_Aim of the exercise_. For the data below, say how many lines contain "with". Only the number should be given.

_Material for the task_.
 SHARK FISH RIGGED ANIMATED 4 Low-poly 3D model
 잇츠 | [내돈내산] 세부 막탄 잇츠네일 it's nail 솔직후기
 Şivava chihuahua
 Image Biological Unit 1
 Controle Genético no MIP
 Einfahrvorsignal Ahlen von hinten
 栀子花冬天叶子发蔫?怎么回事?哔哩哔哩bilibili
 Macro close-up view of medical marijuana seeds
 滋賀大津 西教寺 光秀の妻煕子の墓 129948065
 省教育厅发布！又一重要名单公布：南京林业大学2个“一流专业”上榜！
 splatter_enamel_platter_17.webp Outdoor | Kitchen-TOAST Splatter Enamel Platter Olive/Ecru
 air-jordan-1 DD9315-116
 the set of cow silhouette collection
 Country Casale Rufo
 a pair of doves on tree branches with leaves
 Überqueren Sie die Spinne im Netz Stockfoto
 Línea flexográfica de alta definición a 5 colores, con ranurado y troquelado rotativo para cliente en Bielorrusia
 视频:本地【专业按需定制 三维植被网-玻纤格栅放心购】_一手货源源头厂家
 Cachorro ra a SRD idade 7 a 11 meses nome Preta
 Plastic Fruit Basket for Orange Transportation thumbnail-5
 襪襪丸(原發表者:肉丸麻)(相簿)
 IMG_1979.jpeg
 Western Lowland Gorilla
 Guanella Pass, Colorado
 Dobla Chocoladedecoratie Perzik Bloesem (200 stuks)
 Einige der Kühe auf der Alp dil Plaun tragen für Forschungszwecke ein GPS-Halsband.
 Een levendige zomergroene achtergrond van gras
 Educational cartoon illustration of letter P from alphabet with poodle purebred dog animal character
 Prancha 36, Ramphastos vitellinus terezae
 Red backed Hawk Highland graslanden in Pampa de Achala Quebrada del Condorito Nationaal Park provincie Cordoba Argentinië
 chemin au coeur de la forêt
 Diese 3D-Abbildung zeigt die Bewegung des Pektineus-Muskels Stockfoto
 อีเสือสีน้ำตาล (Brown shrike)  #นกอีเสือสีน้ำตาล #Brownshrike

_Answer box_. 2